* COLLECTED DATA *
Start of Block
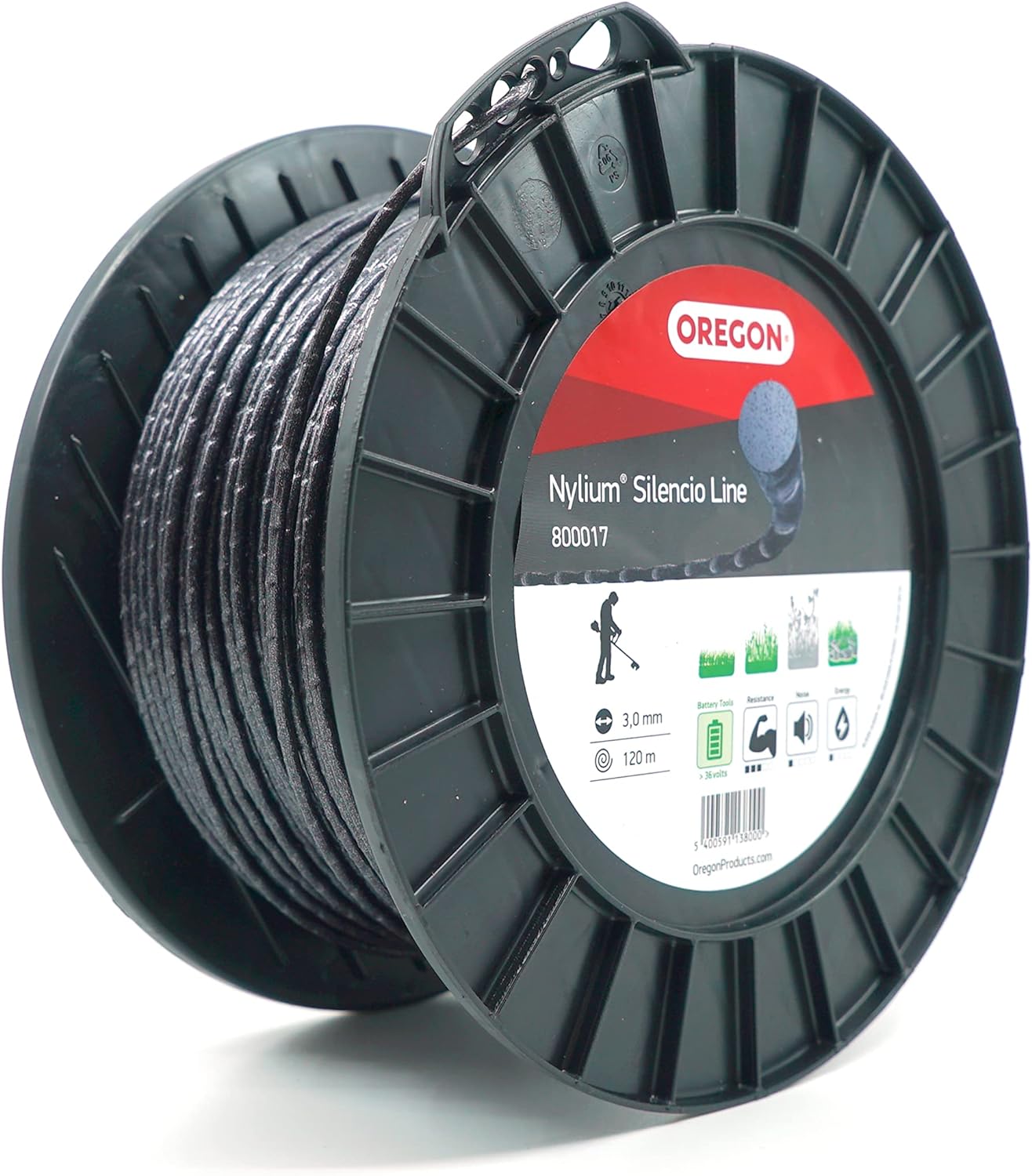 Fil débroussailleuse Rond Torsade Nylium Silencio Noir ø3.0mm/120m Oregon 800017 - Fil débroussailleuse
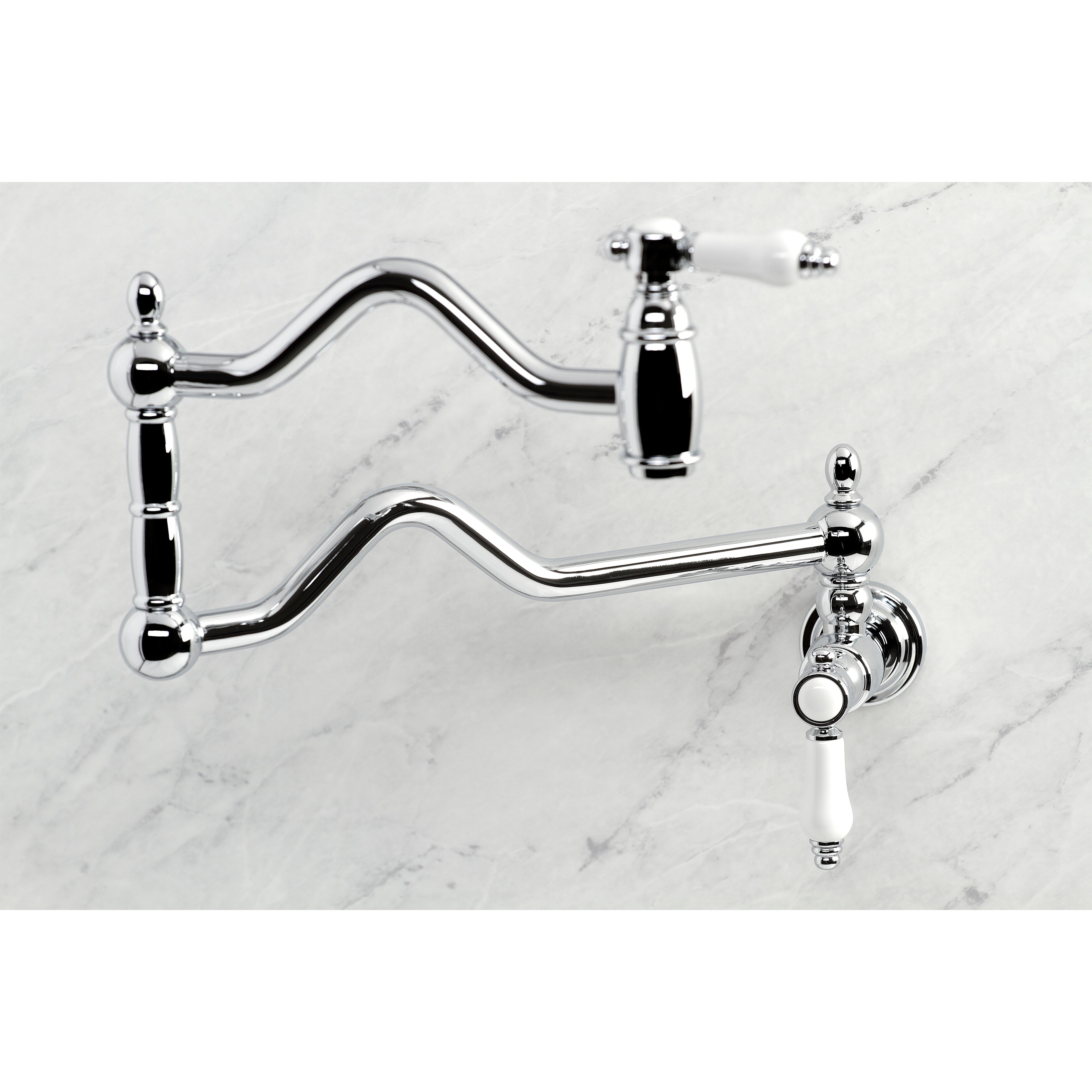 Kingston Brass KS2107BPL Bel-Air Wall Mount Pot Filler Faucet, Brushed Brass in chrome finish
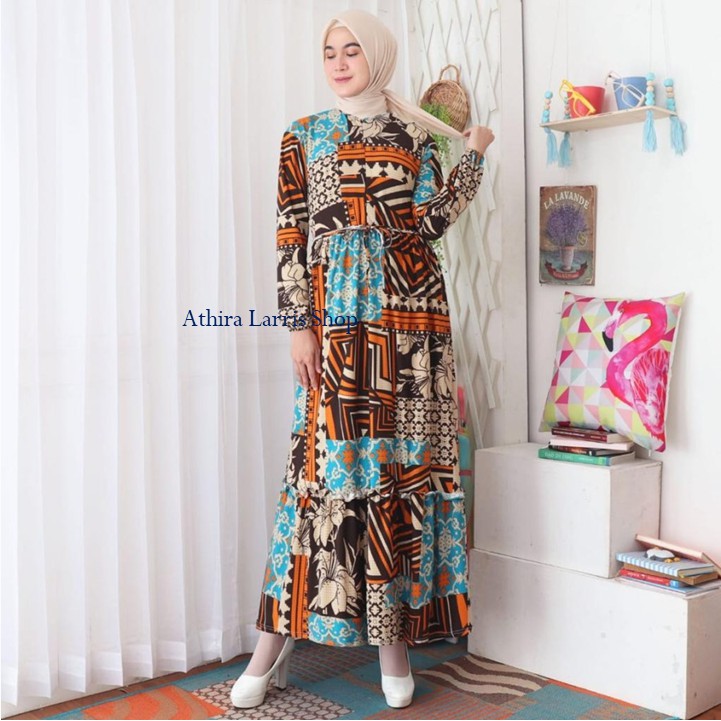 Baju Gamis Jersey Murah Dress Gamis Busui Tali Serut Pinggang 8477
End of Block
* EXERCISE DIRECTIONS *
Copy out every line of the material above precisely, omitting the pictures.

* ANSWER TO THIS EXERCISE *
 Fil débroussailleuse Rond Torsade Nylium Silencio Noir ø3.0mm/120m Oregon 800017 - Fil débroussailleuse
 Kingston Brass KS2107BPL Bel-Air Wall Mount Pot Filler Faucet, Brushed Brass in chrome finish
 Baju Gamis Jersey Murah Dress Gamis Busui Tali Serut Pinggang 8477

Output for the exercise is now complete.